Every record must be copied exactly, except that pictures are dropped.

BEGIN Provided data

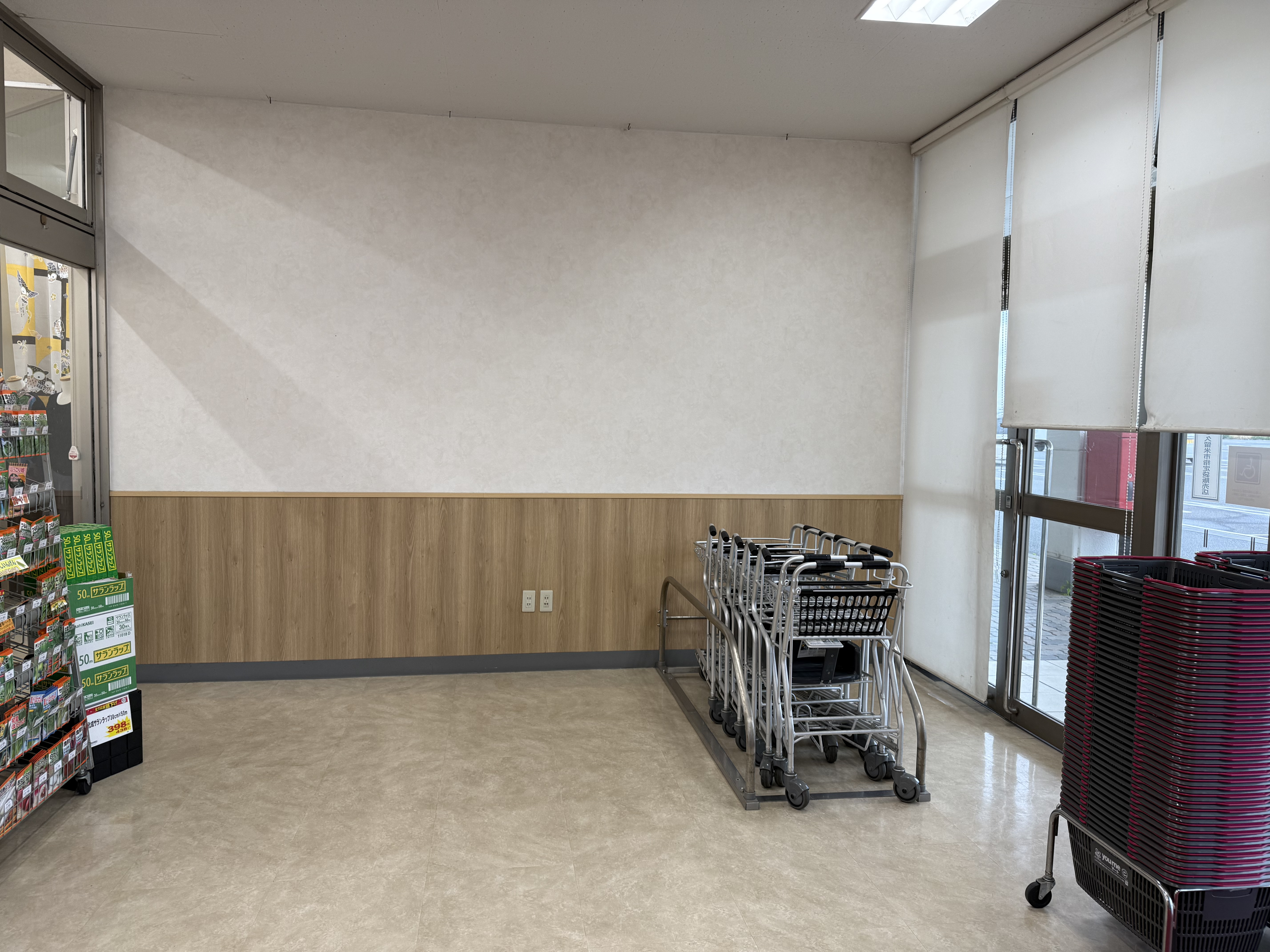 【ゆめマート 大刀洗】風除室　販促プロモーションや物販のポップアップストアにおすすめな催事イベントスペース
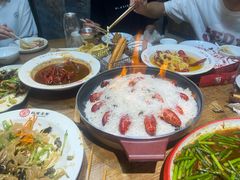 -叶派龙虾•招牌香辣蟹·海鲜(中海国际店)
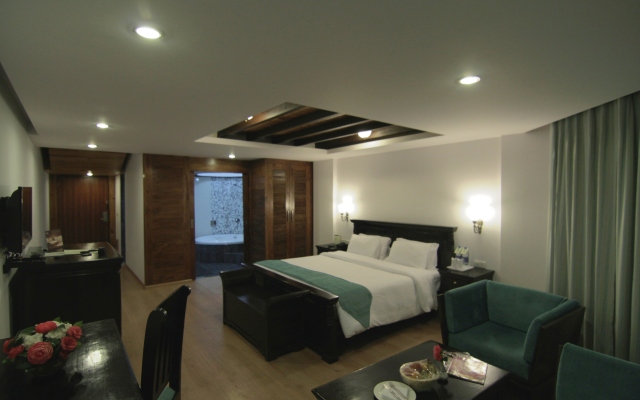 ManuAllaya the Resortspa Hotel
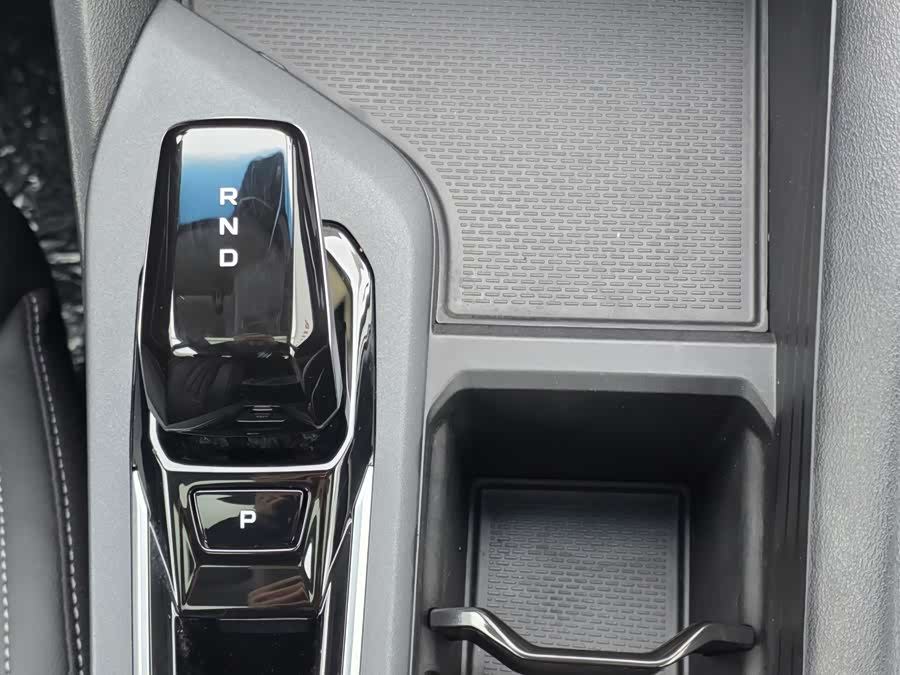 GEELY Binray 2024 car image #18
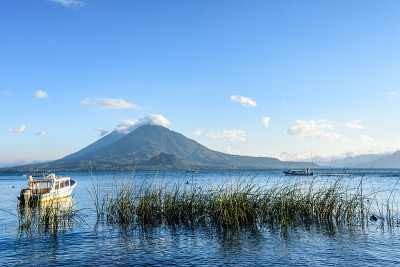 危地马拉阿提特兰湖，两座火山和船只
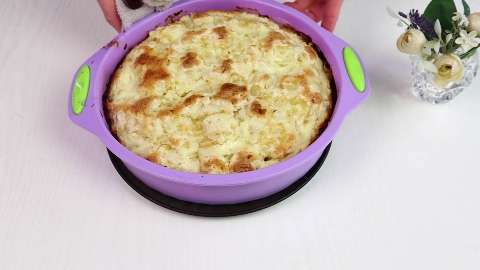 Быстрый Лимонный пирог с изюмом и сметанной заливкой: простой рецепт в духовке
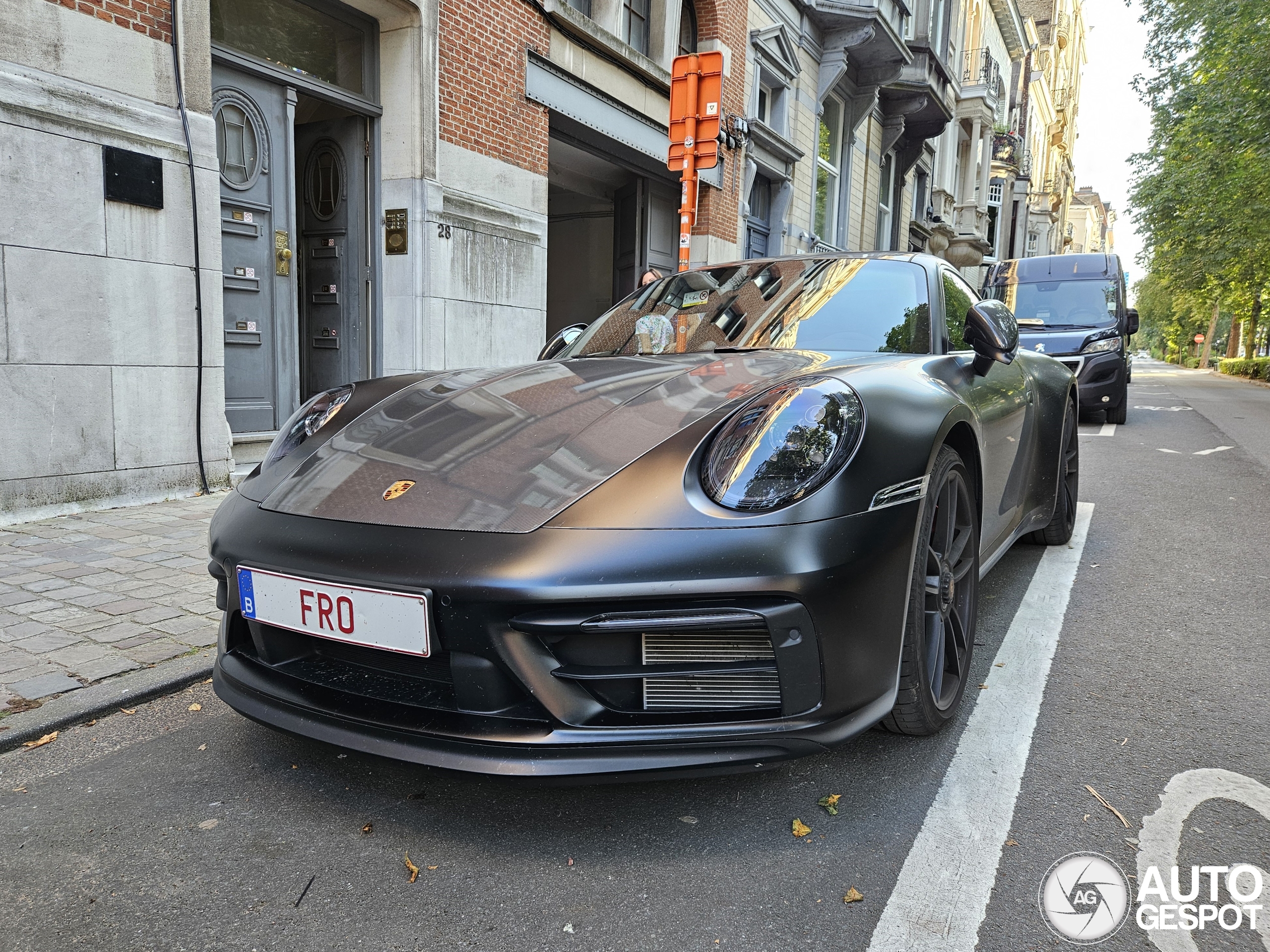 Porsche 992 Carrera 4 GTS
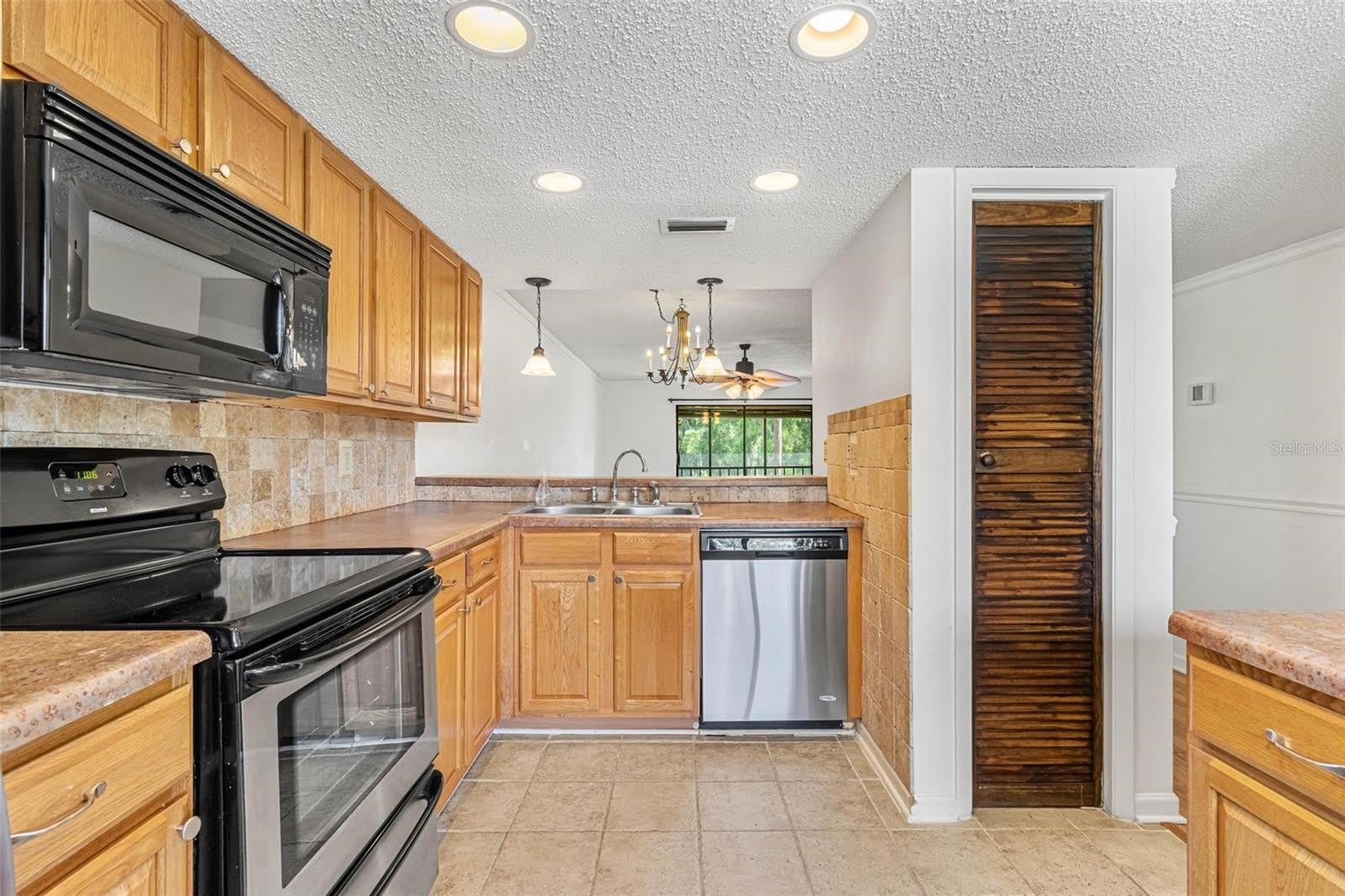 108 Woodlands Court – photo 4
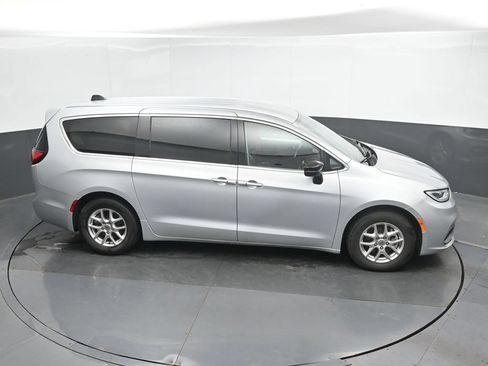 Used 2024 Chrysler Pacifica Touring-L FWD image 32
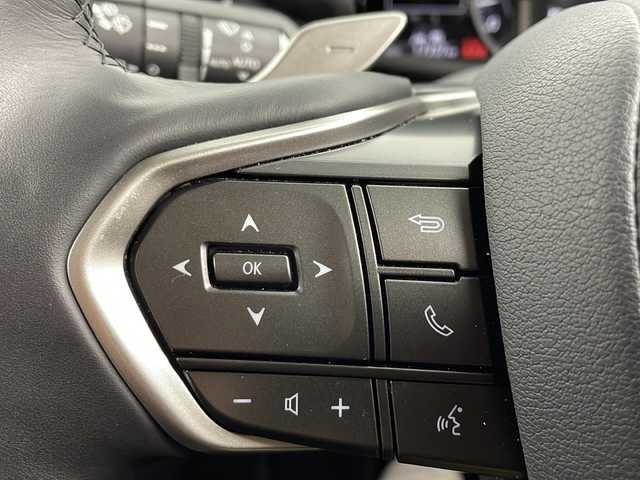 レクサス ＮＸ 250 愛知県 2023(令5)年 1.8万km ソニッククォーツ /禁煙車//ワンオーナー車//純正ナビ//Bluetooth　フルセグTV//バック&サイドモニター//ビルトインETC2.0//電動チルト&スライドムーンルーフ//レクサスセーフティシステム+//レーダークルーズコントロール//ブラインドスポットモニター//パーキングサポートブレーキ//LEDヘッドライト//オートライト//オートハイビーム//フロントフォグランプ//パワーバックドア//Ltexシート//前席パワーシート//前席・後席シートヒーター//ナノイーX//レクサスNXプレミアムサウンドシステム//AC100V//電子パーキングブレーキ//ブレーキホールド//純正18インチアルミホイール//純正フロアマット//革巻きステアリング//ステアリングスイッチ//パドルシフト//ステアリング電動チルト&テレスコ(オートスライド機能付)//プッシュスタート//電動格納ミラー//アイドリングストップ//新車保証書・取扱説明書//スペアキー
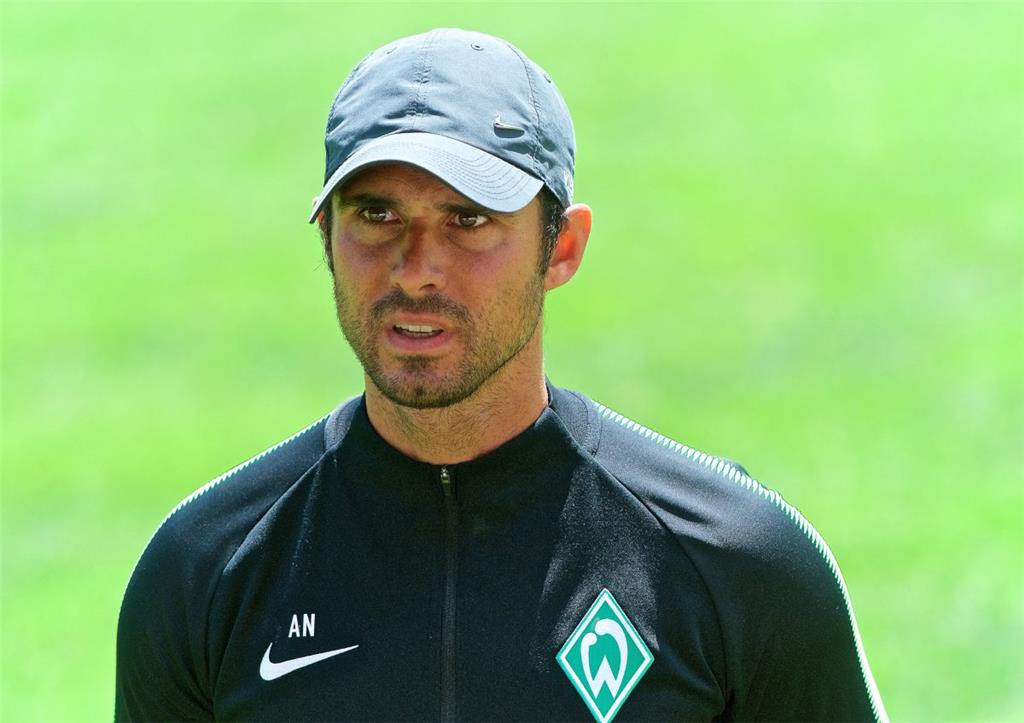Coach Alexander Nouri beobachtet die Lage. Foto: Gumz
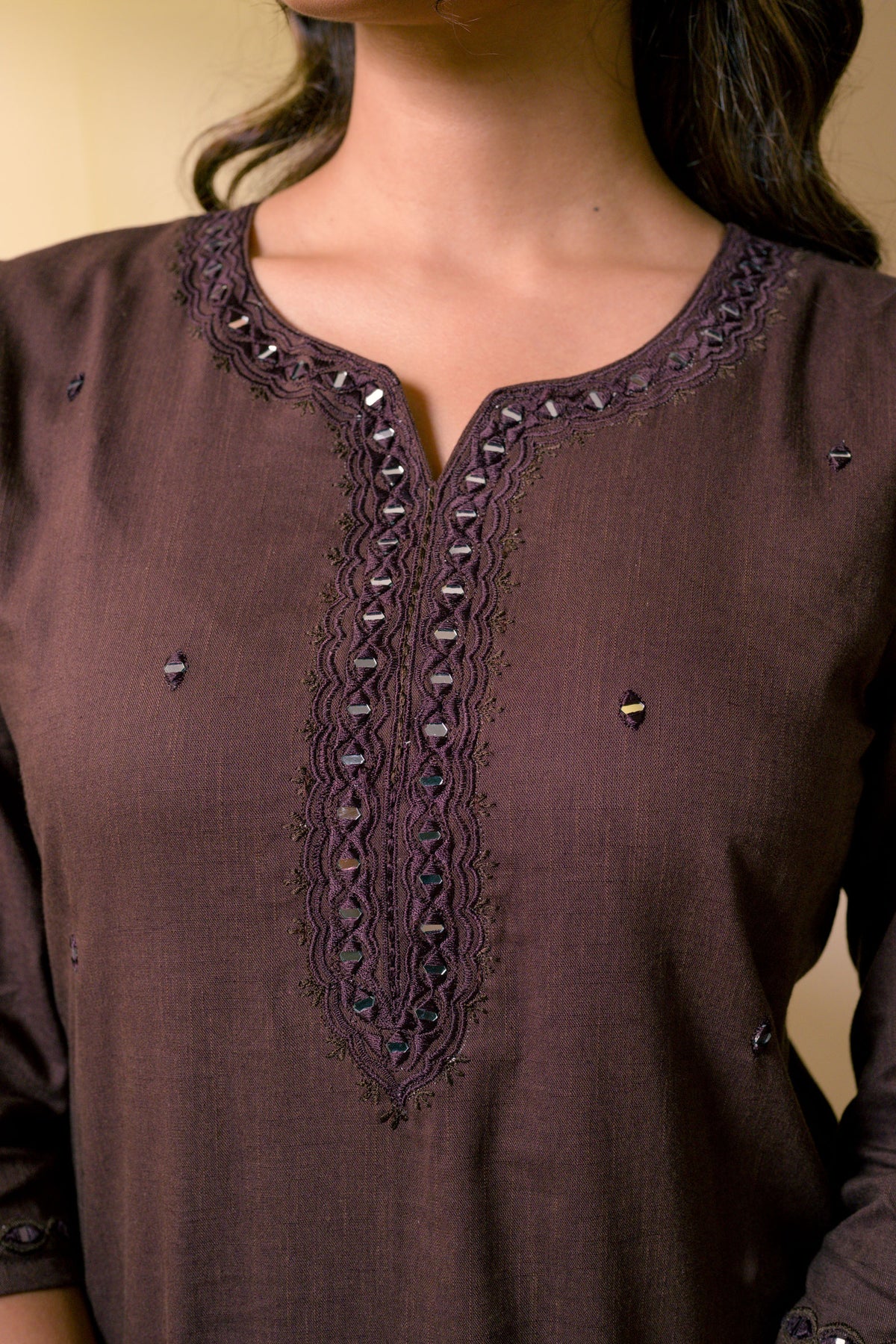 SAANVI KURTA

END Provided data

# [Problem solution]
 【ゆめマート 大刀洗】風除室　販促プロモーションや物販のポップアップストアにおすすめな催事イベントスペース
 -叶派龙虾•招牌香辣蟹·海鲜(中海国际店)
 ManuAllaya the Resortspa Hotel
 GEELY Binray 2024 car image #18
 危地马拉阿提特兰湖，两座火山和船只
 Быстрый Лимонный пирог с изюмом и сметанной заливкой: простой рецепт в духовке
 Porsche 992 Carrera 4 GTS
 108 Woodlands Court – photo 4
 Used 2024 Chrysler Pacifica Touring-L FWD image 32
 レクサス ＮＸ 250 愛知県 2023(令5)年 1.8万km ソニッククォーツ /禁煙車//ワンオーナー車//純正ナビ//Bluetooth　フルセグTV//バック&サイドモニター//ビルトインETC2.0//電動チルト&スライドムーンルーフ//レクサスセーフティシステム+//レーダークルーズコントロール//ブラインドスポットモニター//パーキングサポートブレーキ//LEDヘッドライト//オートライト//オートハイビーム//フロントフォグランプ//パワーバックドア//Ltexシート//前席パワーシート//前席・後席シートヒーター//ナノイーX//レクサスNXプレミアムサウンドシステム//AC100V//電子パーキングブレーキ//ブレーキホールド//純正18インチアルミホイール//純正フロアマット//革巻きステアリング//ステアリングスイッチ//パドルシフト//ステアリング電動チルト&テレスコ(オートスライド機能付)//プッシュスタート//電動格納ミラー//アイドリングストップ//新車保証書・取扱説明書//スペアキー
Coach Alexander Nouri beobachtet die Lage. Foto: Gumz
 SAANVI KURTA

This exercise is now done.